I took the Kaplan lateral exam review course and thought it was much better value (~$500). It isn't super in-depth, but unlike the ASCE course, you can go back and review it as many times as you desire. I watched Tim Mays sessions probably 5 or 6 times each on bridges, loads, and general lateral forces. A big key in passing the exam for me, was repetition through the seminars and problems so that as soon as I saw a problem on the exam I had an approach and knew what they were asking.

This exam isn't impossible to pass, it took me multiple attempts and a ton of hard work, but it was well worth it.


----------



## Mark Leyner

OK. Here is my best advice for preparing and passing the SE exam. The fundamental principle is that you will "fight like you train", i.e. - if you practice solving problems under exam-like conditions, you will be more successful than other methods of study.

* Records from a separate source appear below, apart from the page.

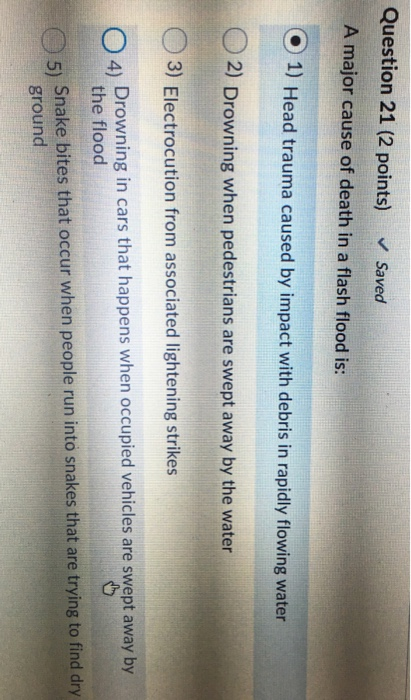 Solved Question 17 (2 points) Saved If you are trapped in an | Chegg.com
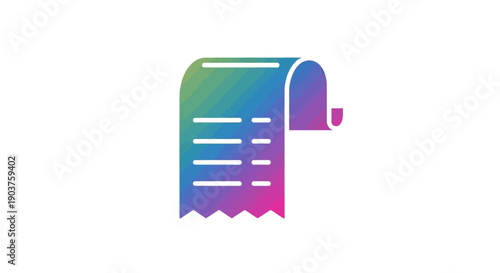 Vibrant gradient receipt icon for modern digital billing financial transactions and expense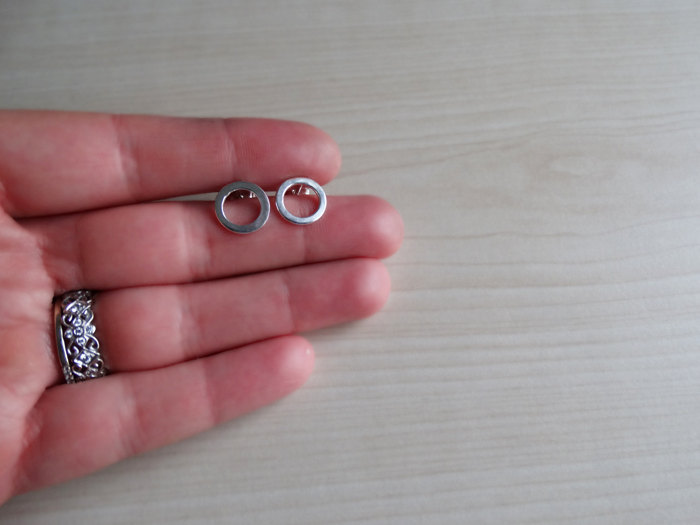 Silver Hoop Studs - Sterling Silver Circle Earrings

I read everything I could find about the exam - magazine articles, forum posts, the SERM intro, etc...the second principle is "know your enemy". Understand what the exam is and what it is not. In my opinion, the examination tests your ability to recognize what is being asked and provide an answer within a short period of time. For the PM portion, I would add to the first two - while using good engineering judgment.

Here is a list of references that I actually took into the examination room:

ACI, AISC, TMS, NDS, PCI, ASCE, IBC codes

AISC SDM, SERM, and three 1" binders. The binders had some solved problems from the AISC, the Kaplan masonry design material, flowcharts from Reinforced Concrete by Nawy, SEAOC vol. 1, and a printed index to the SERM.

These materials all fit into an officemax copy paper box along with my exam authorizations, calculators, ear plugs, and a small straightedge.

Every time I attempted examination-like problem-solving, these were the only references I used.

In terms of preparation - I read a lot of material and followed through solutions to worked problems. I highly recommend working through SEAOC Vol. 1 and reading the code sections and footnotes for each reference covered in those problems. Seismic and Wind Forces by Alan Williams and Structural Engineering PE License Review Problems and Solutions by Alan Williams are recommended resources. I also worked through the example problems in the AISC SDM.

I took each AM practice exam twice, separated by a couple of weeks of study in between. I scored the practice exams and then reviewed my solutions against the answer keys. For problems that I missed, I read the relevent code sections and highlighted "tricky" things like exceptions and footnotes that drive you somewhere else. I photocopied the PM problems and solutions and put them into a binder. I carried that binder to work and "solved" those problems when I had time in addition to working them under exam-like conditions during my study sessions. NOTE - IN MY OPINION, the solutions provided for the PM portion of the NCEES practice exam are a minimum amount of information to successfully pass the problem.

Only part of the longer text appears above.